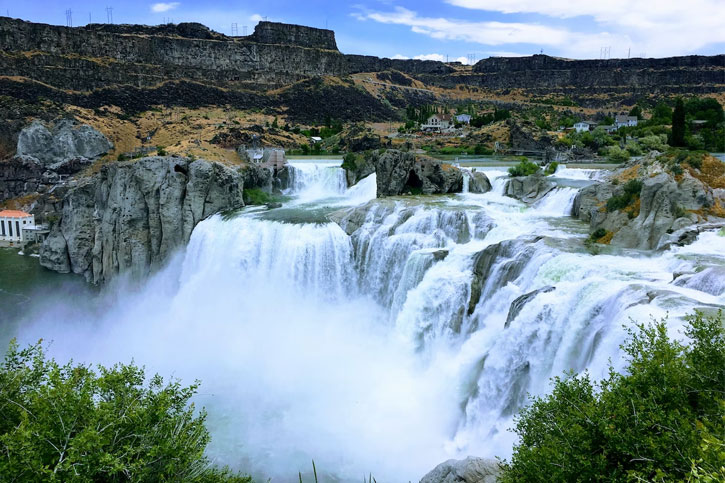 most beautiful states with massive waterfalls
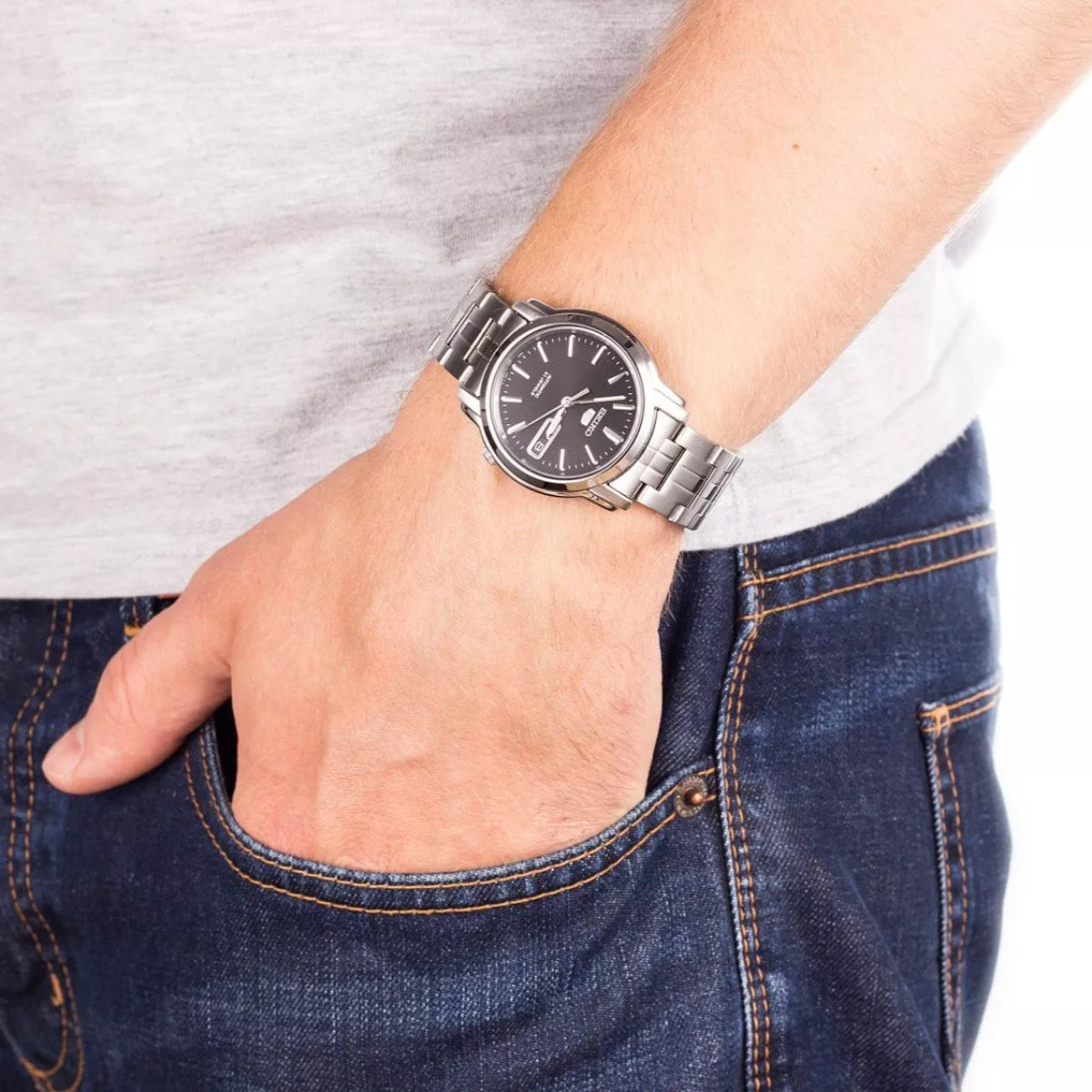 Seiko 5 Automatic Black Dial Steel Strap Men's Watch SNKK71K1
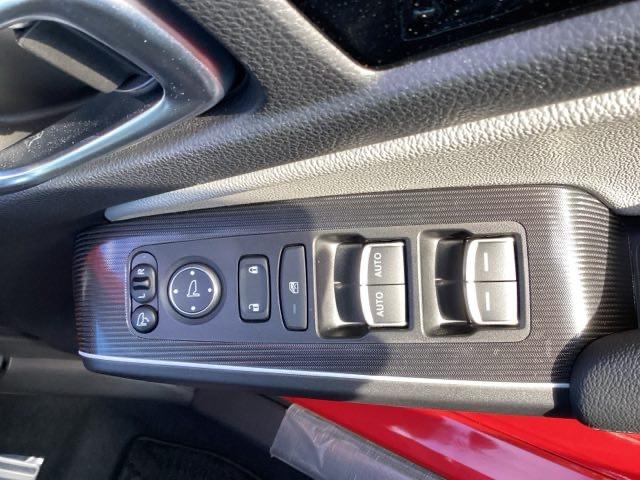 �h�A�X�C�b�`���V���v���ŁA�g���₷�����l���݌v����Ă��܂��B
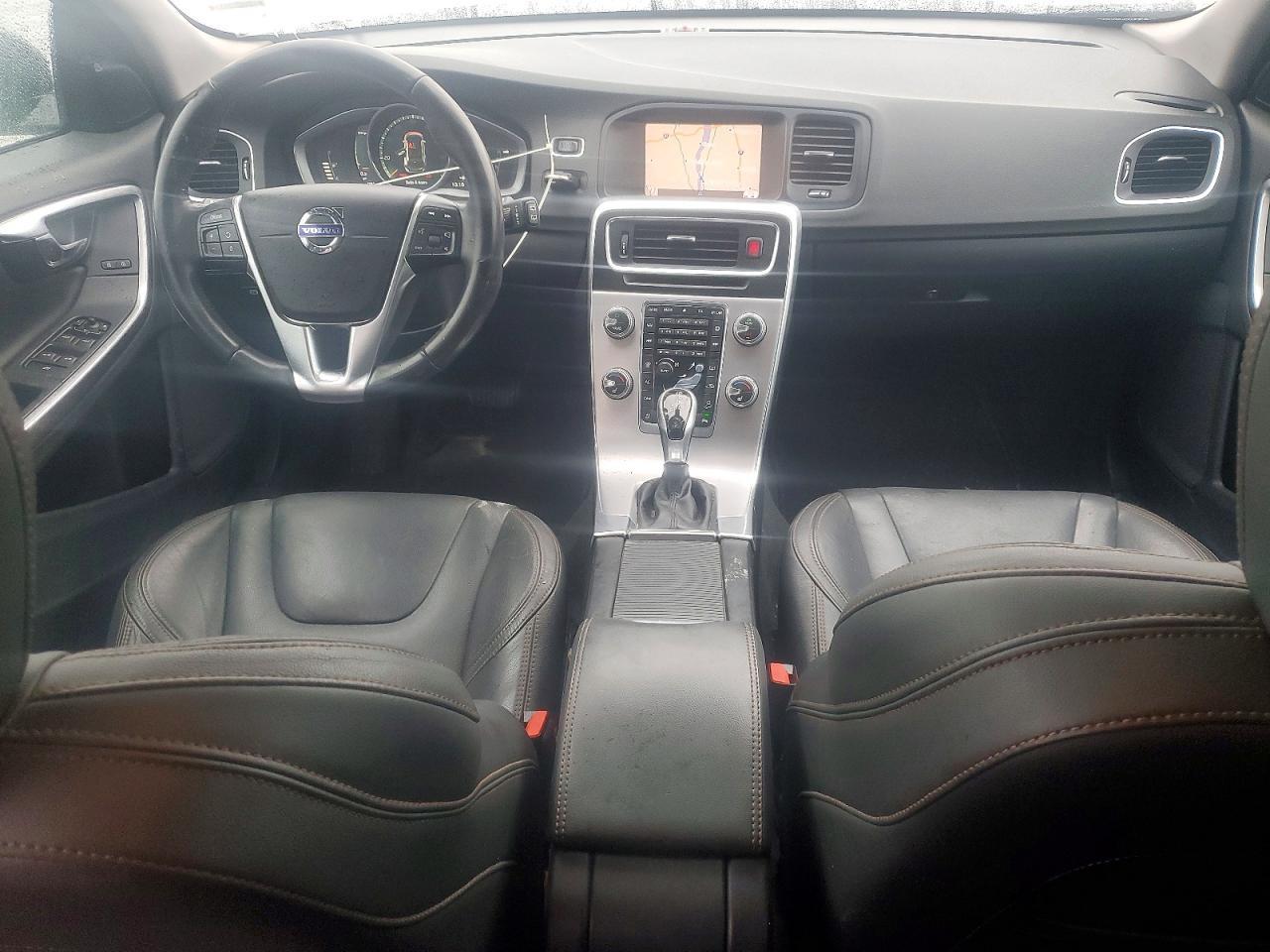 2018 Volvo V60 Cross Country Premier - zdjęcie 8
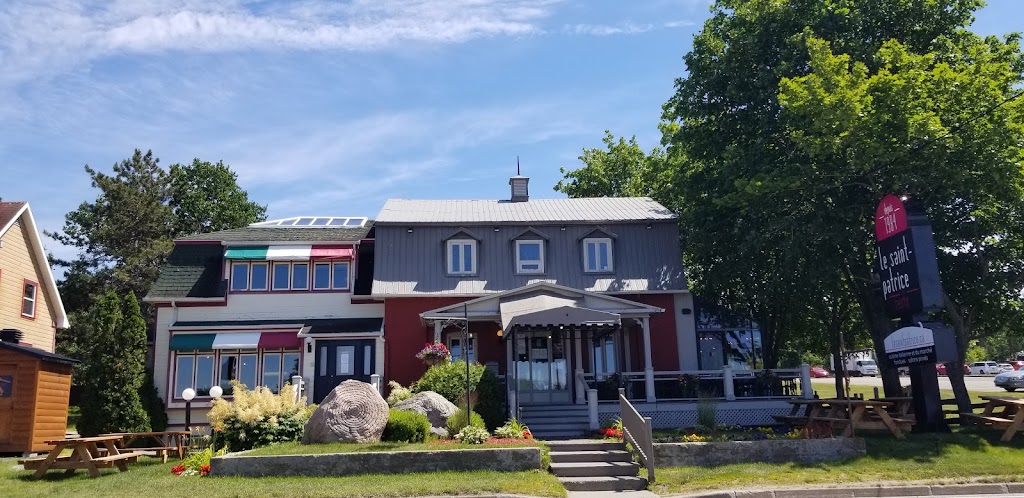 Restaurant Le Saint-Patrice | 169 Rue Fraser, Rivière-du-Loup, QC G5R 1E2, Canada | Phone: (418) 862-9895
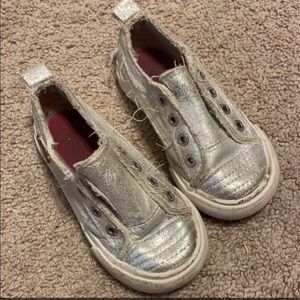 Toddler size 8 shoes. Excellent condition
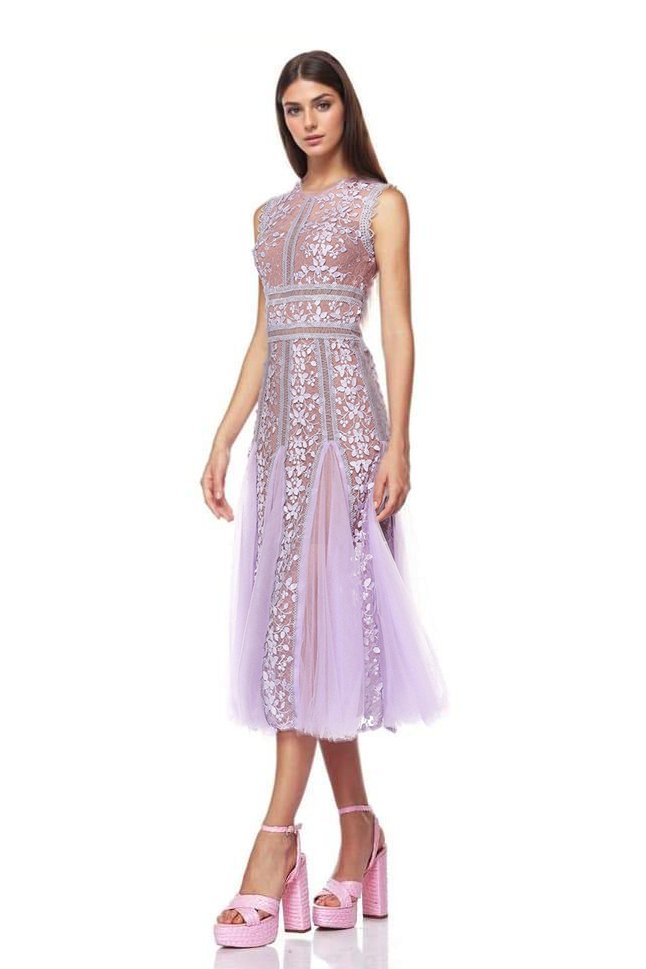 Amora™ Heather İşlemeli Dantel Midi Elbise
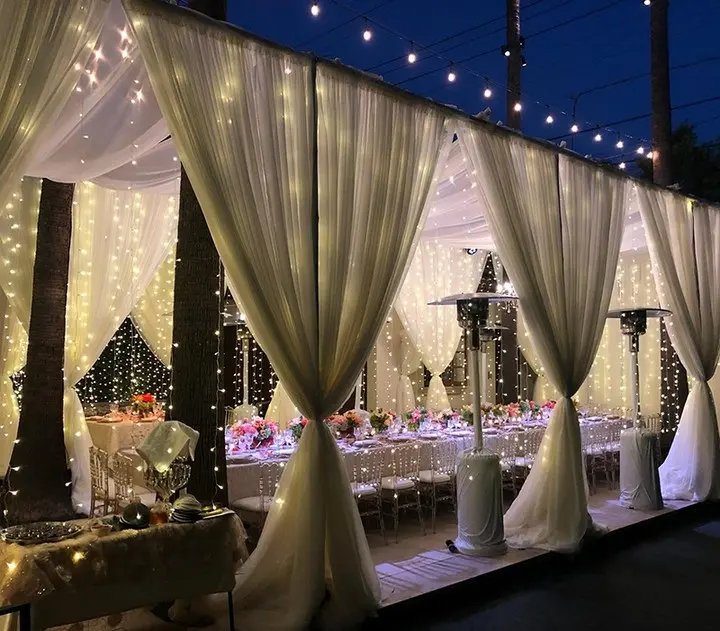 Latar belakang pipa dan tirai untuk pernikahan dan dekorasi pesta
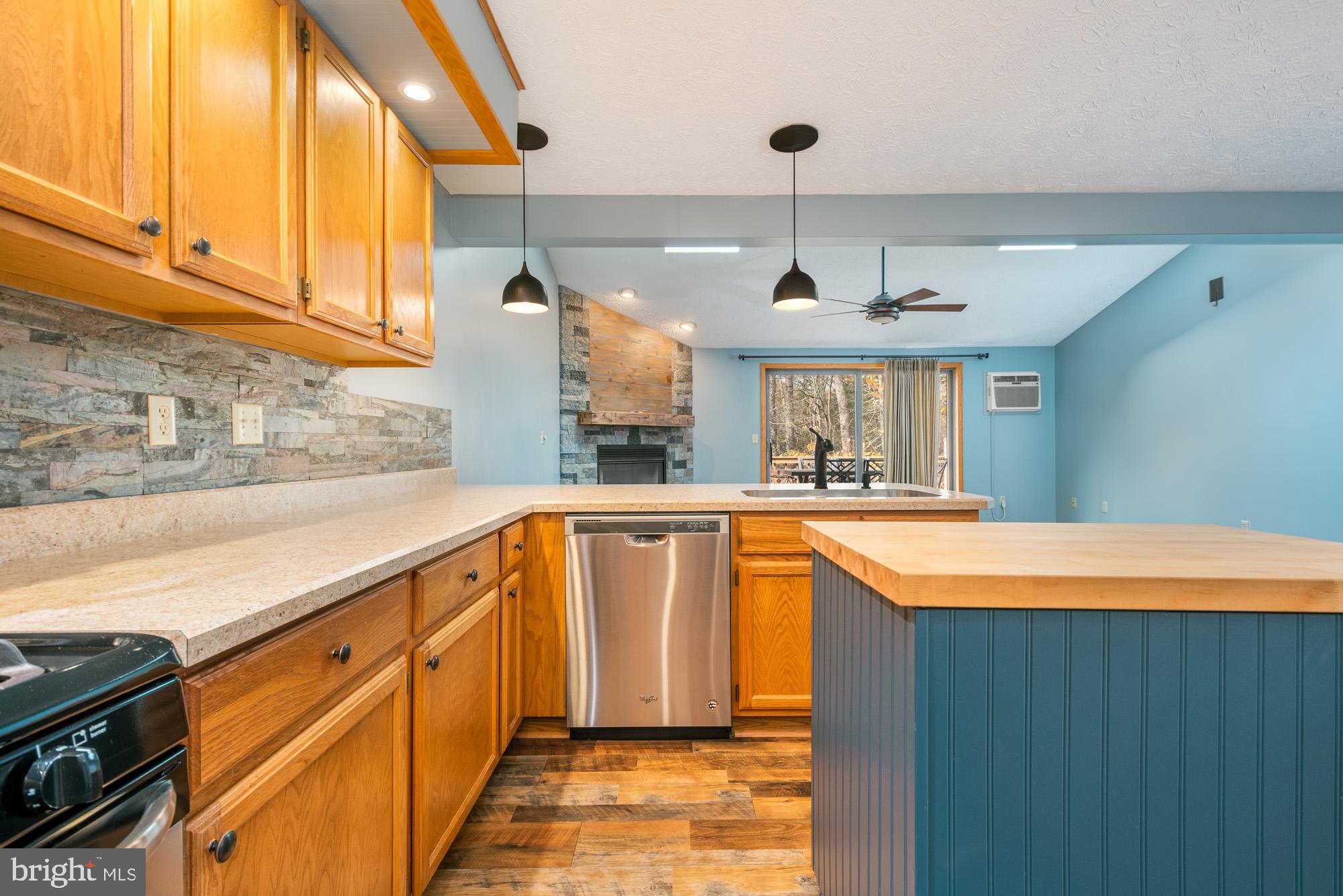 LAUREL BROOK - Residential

# [Exercise requirements]
The records above must be printed exactly, but the pictures they hold should be omitted.

# [Completed exercise]
 most beautiful states with massive waterfalls
 Seiko 5 Automatic Black Dial Steel Strap Men's Watch SNKK71K1
 �h�A�X�C�b�`���V���v���ŁA�g���₷�����l���݌v����Ă��܂��B
 2018 Volvo V60 Cross Country Premier - zdjęcie 8
 Restaurant Le Saint-Patrice | 169 Rue Fraser, Rivière-du-Loup, QC G5R 1E2, Canada | Phone: (418) 862-9895
 Toddler size 8 shoes. Excellent condition
 Amora™ Heather İşlemeli Dantel Midi Elbise
 Latar belakang pipa dan tirai untuk pernikahan dan dekorasi pesta
 LAUREL BROOK - Residential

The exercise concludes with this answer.